● **DATA UNDER STUDY**
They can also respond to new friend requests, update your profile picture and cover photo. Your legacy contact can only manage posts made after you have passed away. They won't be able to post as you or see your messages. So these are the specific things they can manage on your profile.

==

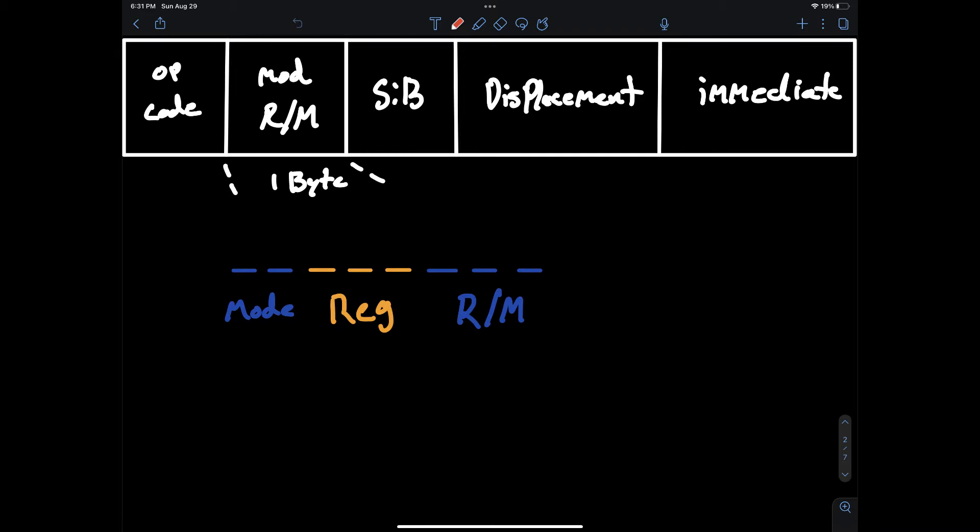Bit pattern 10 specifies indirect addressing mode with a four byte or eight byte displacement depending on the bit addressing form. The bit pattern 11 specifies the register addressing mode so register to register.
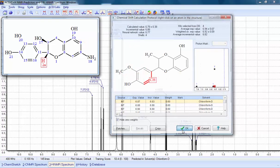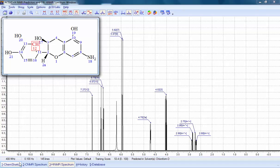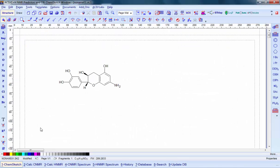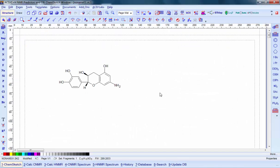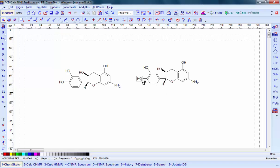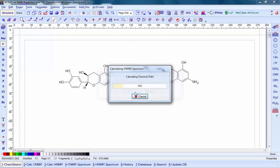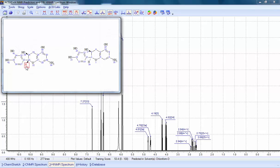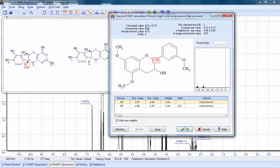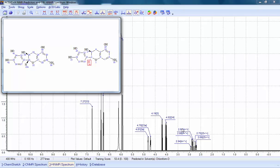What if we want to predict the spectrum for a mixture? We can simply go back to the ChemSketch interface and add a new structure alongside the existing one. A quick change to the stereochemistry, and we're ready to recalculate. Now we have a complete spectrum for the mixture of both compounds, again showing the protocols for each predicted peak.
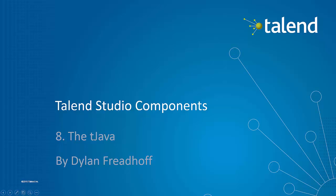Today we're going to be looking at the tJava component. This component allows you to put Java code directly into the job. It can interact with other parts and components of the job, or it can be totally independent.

● **WHAT THE EXERCISE ASKS**
Nothing but the lines from the one with "Bit pattern 10" to the one with "Today we're going" above, both included, should be transcribed, exactly and without pictures.

● **SOLUTION TO THE EXERCISE**
Bit pattern 10 specifies indirect addressing mode with a four byte or eight byte displacement depending on the bit addressing form. The bit pattern 11 specifies the register addressing mode so register to register.
What if we want to predict the spectrum for a mixture? We can simply go back to the ChemSketch interface and add a new structure alongside the existing one. A quick change to the stereochemistry, and we're ready to recalculate. Now we have a complete spectrum for the mixture of both compounds, again showing the protocols for each predicted peak.
Today we're going to be looking at the tJava component. This component allows you to put Java code directly into the job. It can interact with other parts and components of the job, or it can be totally independent.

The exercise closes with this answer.